Monday, June 27, 2011

Top ten

What the hell, it's a slow day at work... top ten favorite comic books! Here we go!

(these are in no particular order, just entering them as I think of them)

1. New X-Men (X-Men #114-154):  It's impossible to overstate how different Morrison's X-Men run was from everything that had come before, and everything that's happened since.  It's amazing that this book was ever published.  It certainly wouldn't have had a chance today.  Morrison systematically tore through the X-Men mythos and themes, deconstructed them and put them back together in a modern context (or, if they didn't work, left them torn apart and ridiculed them, like the idea of the old-school world-conquering supervillain).  It read like the ultimate culmination of 40 years of X-Men continuity, a final summation of every thread and idea.  Of course, it wasn't, Marvel quickly ignored what had happened and moved on to other things.  But for those of us who read it, the X-Men would never feel the same.
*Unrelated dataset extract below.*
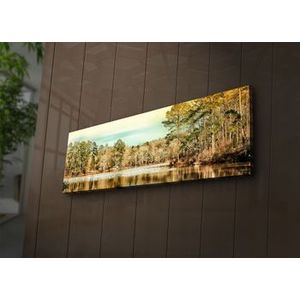 Tablou pe panza iluminat Ledda, 254LED1213, 30 x 90 cm, Multicolor imagine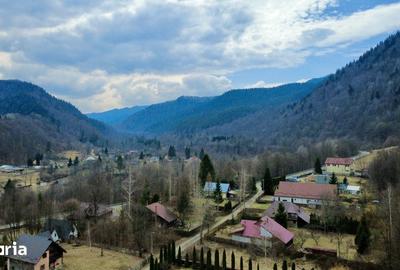 Casă cu 4 camere cu Teren 2985 Mp în Tarcău - 6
2. X-Statix (X-Force #116-129, X-Statix #1-26, X-Statix presents Dead Girl #1-5):  Launched the same month as New X-Men, the reinvented X-Force is another book that could never have been published before, and never will be again.  Peter Milligan wrote a book that served as a wry commentary on superheroes and the media, while somehow managing to be more than satire, with beautifully-done character work and horrifically real consequences.  The book touched on race relations, mental disorders, homosexuality, the loss of loved ones, and more, and did it all with garish costumes and one character who looks like a flying green potato.  Mike Allred's retro-styled art gave the book an innocent 60s look, making X-Statix feel like a book out of time, allowing it to further toy with the genre's conventions and play its own artistic innocence against itself.  There will never be another book like this one, and that's fine.  It couldn't be duplicated even if someone tried.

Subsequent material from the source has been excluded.